[[ Collected material open ]]

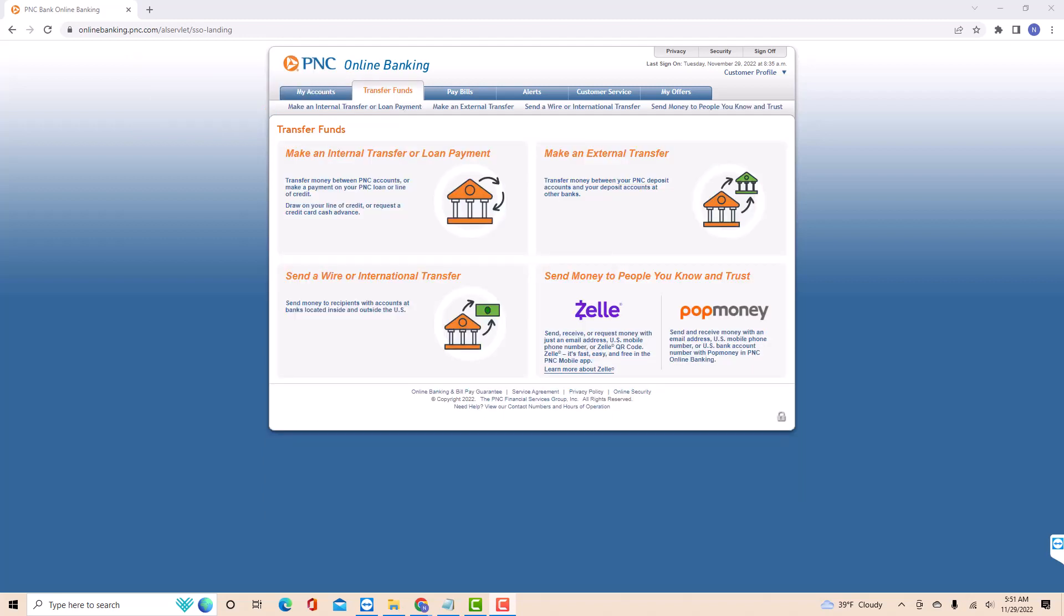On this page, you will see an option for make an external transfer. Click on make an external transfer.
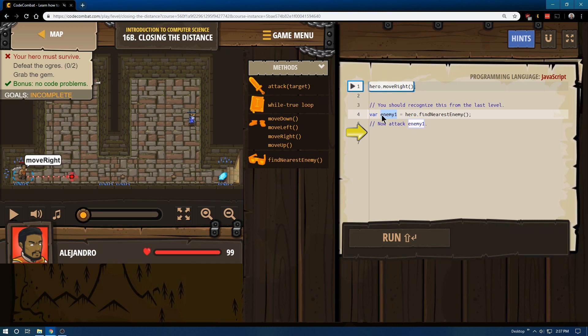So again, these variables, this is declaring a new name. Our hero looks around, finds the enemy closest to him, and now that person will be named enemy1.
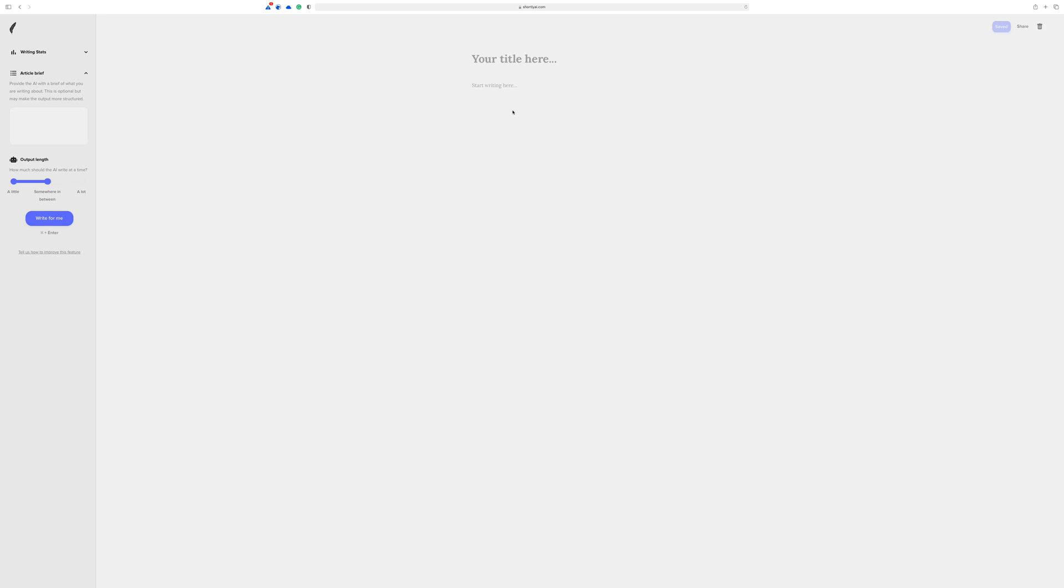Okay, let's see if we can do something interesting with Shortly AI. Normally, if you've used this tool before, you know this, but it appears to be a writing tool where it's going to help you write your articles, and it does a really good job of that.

[[ Collected material closed ]]

■ **Your goal**
Copy the listing above verbatim; the pictures it contains are to stay out.

■ **Response to the exercise**
On this page, you will see an option for make an external transfer. Click on make an external transfer.
So again, these variables, this is declaring a new name. Our hero looks around, finds the enemy closest to him, and now that person will be named enemy1.
Okay, let's see if we can do something interesting with Shortly AI. Normally, if you've used this tool before, you know this, but it appears to be a writing tool where it's going to help you write your articles, and it does a really good job of that.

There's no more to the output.